BNP Paribas Cardif, qui a misé de longue date sur ces fonds (3), rappelle ainsi dans sa communication qu'ils offrent une garantie à 100%, et que cet investissement s’envisage sur le long terme. L’assureur tente ainsi de dédramatiser ses contre-performances 2015 et 2016 en mettant en avant un rendement annualisé depuis 2010 (4,22% pour le fonds euro-croissance de BNP Paribas Avenir Retraite).

« Ce n’est pas un produit miracle »

Les bonnes performances d’ensemble, BNP Paribas Cardif mis à part, vont-elles relancer un produit au succès très relatif ? « Même si elle est conjoncturelle, cette surperformance va forcément relancer la collecte », juge l’économiste Sandy Campart. « Mais ce n’est pas un produit miracle. Il faudrait plusieurs années de fortes performances pour qu’il séduise très largement. »

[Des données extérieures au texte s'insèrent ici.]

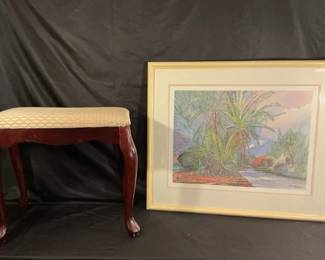Pen  Ink Watercolor And Bench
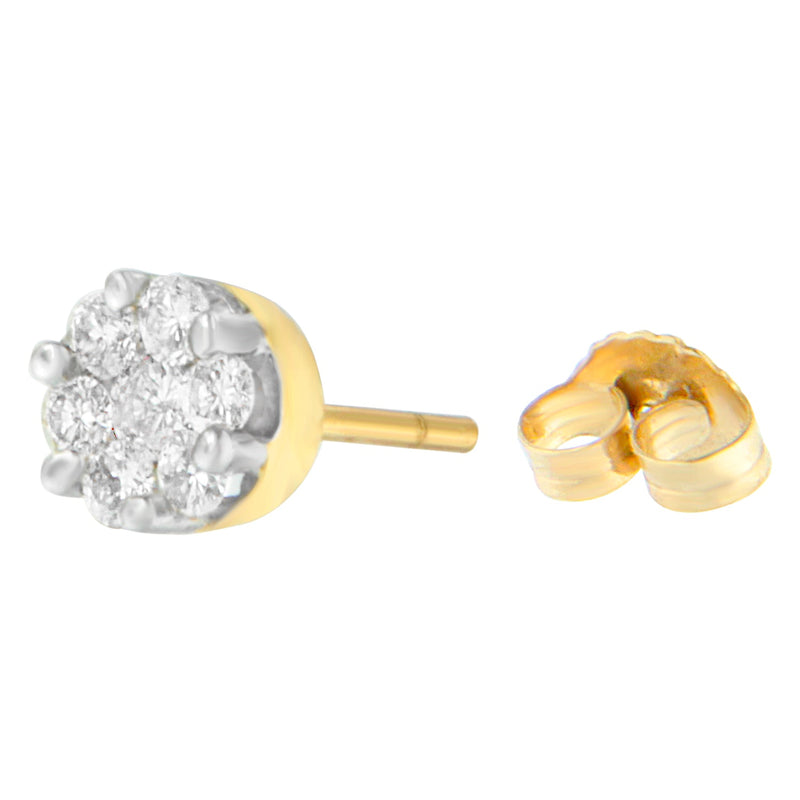 Bids.com 14K Yellow Gold 3/4 cttw Round Cut Diamond Stud Earring (I-J, SI2-I1) Earrings White Smoke Yellow.Gold / 0.84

Cet universitaire ne fait d’ailleurs pas partie des aficionados du produit : « Si l’on est sur des échéances à 15 ou 20 ans, il n’est pas nécessaire de se positionner sur l’euro-croissance pour aller chercher du rendement. A long terme, les supports en unités de compte offrent de meilleures perspectives. Selon moi, l’euro-croissance a surtout une vertu pédagogique, en apprenant aux épargnants à miser sur le long terme. » En sachant toutefois, en cas de bonne performance ponctuelle, que rien n’empêche un épargnant de retirer son pécule de façon prématurée, afin de récupérer ses gains.

Voir par ailleurs le comparatif de contrats avec un fonds euro-croissance

(1) Fédération française de l’assurance (2) Autorité de contrôle prudentiel et de résolution (3) BNP Paribas Cardif a transformé ses anciens fonds euro-diversifiés en euro-croissance.